GitHub - soras/osalausestaja: Clause segmenter for Estonian \ Eesti keele osalausestaja

Branches Tags

Name		Name	Last commit message	Last commit date
Latest commit History 10 Commits
lib		lib
src/ee/ut/soras		src/ee/ut/soras
test		test
LICENSE		LICENSE
build.properties		build.properties
build.xml		build.xml
readme.txt		readme.txt

Repository files navigation

=============================================================
   Osalausestaja: Clause Segmenter for Estonian
=============================================================

  Clause Segmenter is a program that splits long and complex natural 
 language sentences into smaller segments (clauses). For example, the 
 sentence "Mees, keda seal kohtasime, oli tuttav ja teretas meid." 
 will be split into following clauses:

     "[Mees, [keda seal kohtasime,] oli tuttav ja] [teretas meid.]"
     (in the example, clauses are surrounded by brackets)

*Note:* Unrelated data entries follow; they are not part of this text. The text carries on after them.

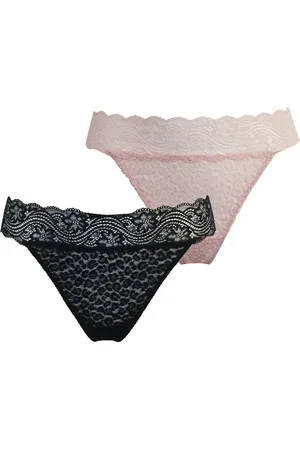 Pour Moi Leopard Lace V Thongs 2 Pack38
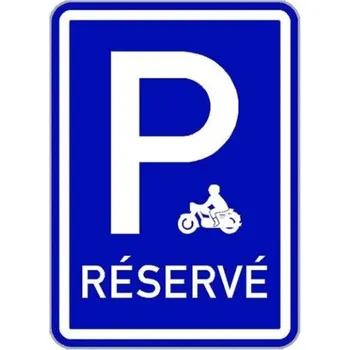 Dopravní značení Dopravní značka - Vyhrazené parkoviště pro motocykly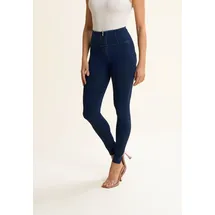 Freddy High-waist-Jeans FREDDY, Damen, Gr. L (40), N-Gr, blau (dunkelblau), Denim/Jeans, Obermaterial: 84% Baumwolle, 16% Elasthan, skinny fit lang, Jeans High-Waist-Jeans, mit Reißverschluß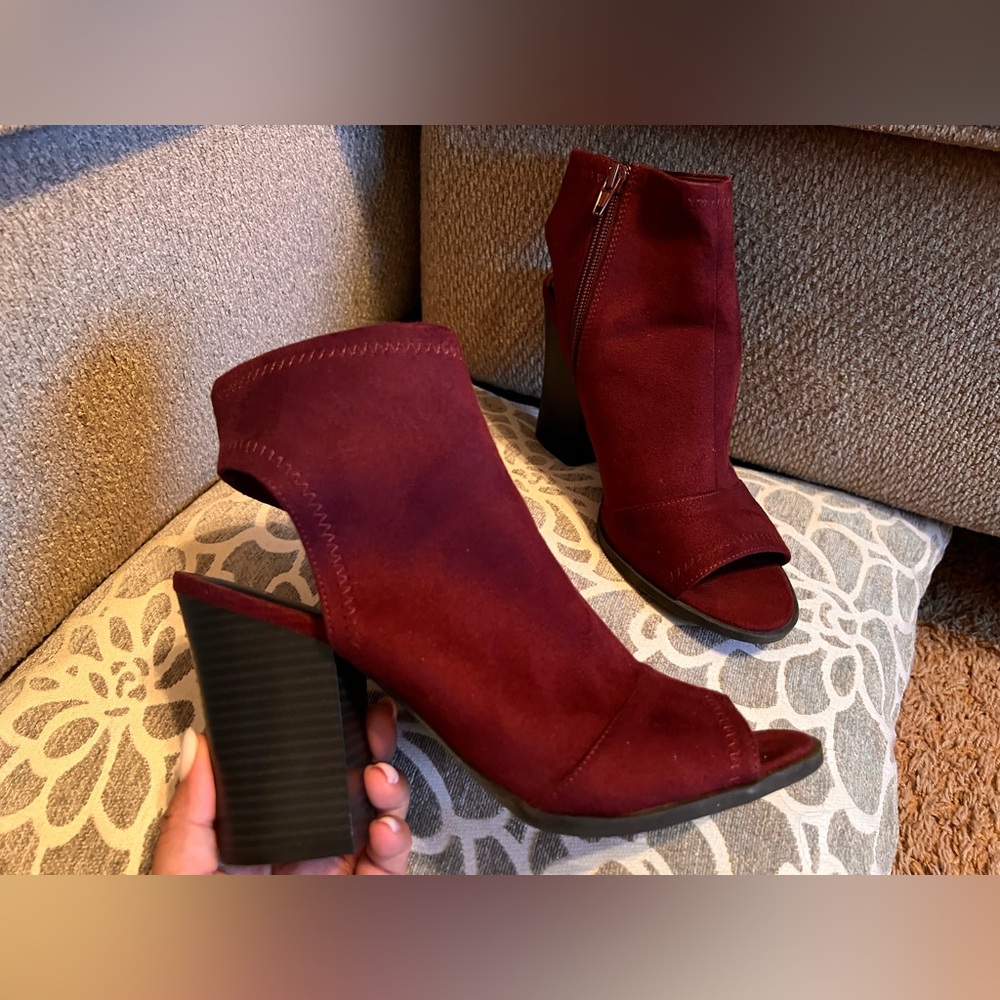 Bash Ankle Booties -Burgundy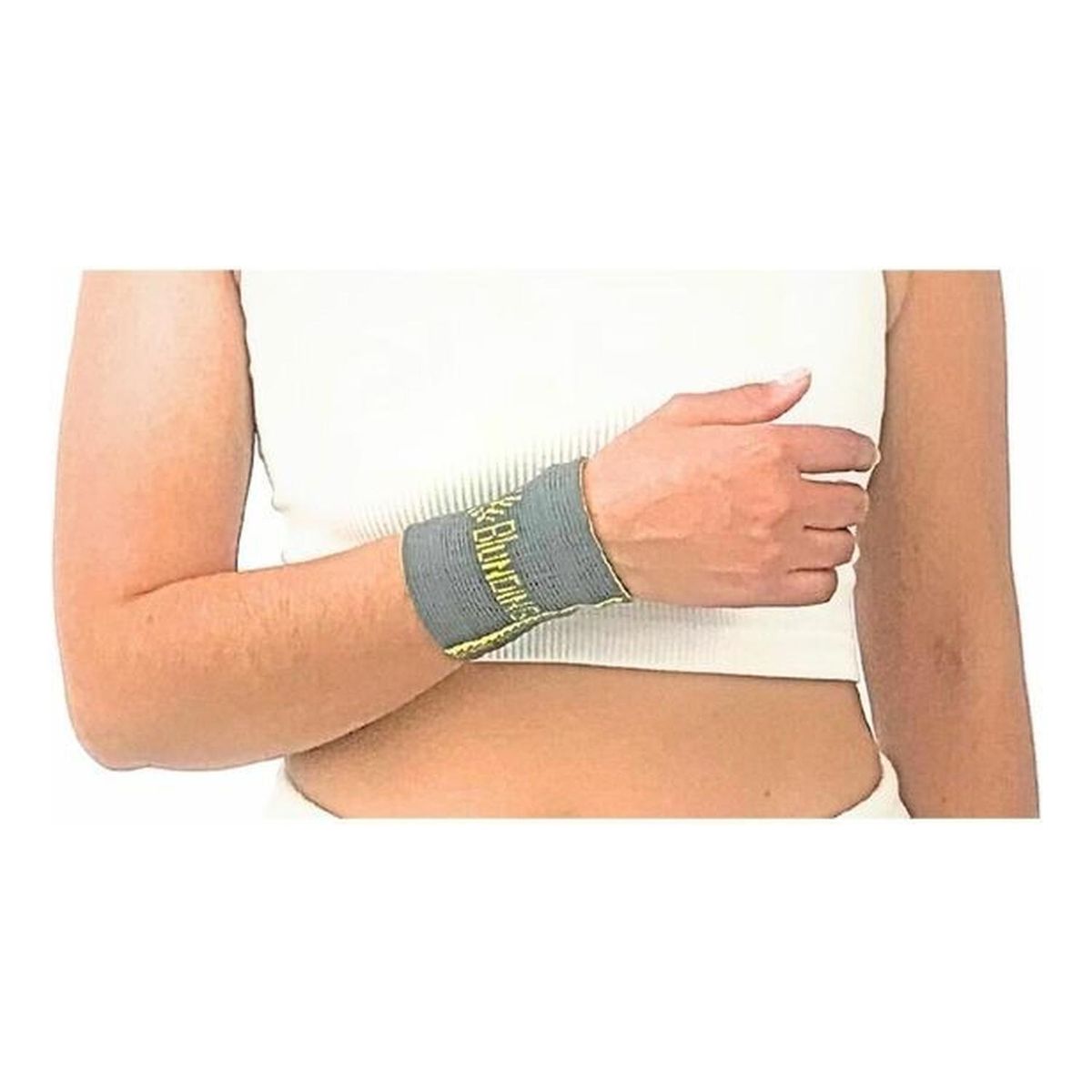 BLUNDING - Muñequera Sport Bambu 1 Unidad-electromedicina - Gris - S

   The algorithm mainly relies on punctuation, conjunction words, and
  finite verb forms on identifying the clause boundaries.
  For linguistic details/motivations behind the algorithm, see (Kaalep, 
  Muischnek 2012).

=========================
   Requirements
=========================
 For building the program (JAR file):
  ** Java JDK (at least version 1.8.x is expected);
  ** Apache Ant (at least version 1.8.2);
  
 For using the program:
  ** A sentence segmentator;
  ** A word tokenizer;
  ** Estonian morphological analyzer, possible options:
     -- Filosoft Vabamorf: https://github.com/Filosoft/vabamorf
     -- PyVabamorf:        https://github.com/estnltk/pyvabamorf
     -- T3MESTA (a commercial morphological analyzer);
  ** Estonian morphological disambiguator;
     -- Vabamorf's disambiguator: 
        https://github.com/Filosoft/vabamorf
     NB! The clause segmenter also works on morphologically ambiguous 
        input, but the quality of the analysis is expected to be lower 
        than in the case of morphologically disambiguated text.

=========================
   Building the program
=========================
   The most straightforward way for compiling the program is by using
  Apache Ant and the build script ("build.xml" in root dir);
  
   Before building, correct path to JDK must be set in the file 
  "build.properties" (variable "java.home.location"). Then, building
  and deploying can be evoked with the command:

      ant deploy

  (in the same directory where "build.xml" is located);
   This compiles the Java source code, makes the JAR file (Osalau.jar), 
  and copies the JAR file along with required files into the folder 
  "test";
  
=========================
   Using the program
=========================

    Basic usage
   ---------------
   Before the clause segmenter can be applied on a text, a number of 
  text preprocessing steps must be made: text must be split into 
  sentences and tokens (words), and words must be morphologically 
  analysed (and disambiguated).
   Core of these functionalities is provided by EstNLTK toolkit, so the 
  easiest way to use the clause segmenter is within this toolkit ( see 
  https://github.com/estnltk/estnltk   for more details ).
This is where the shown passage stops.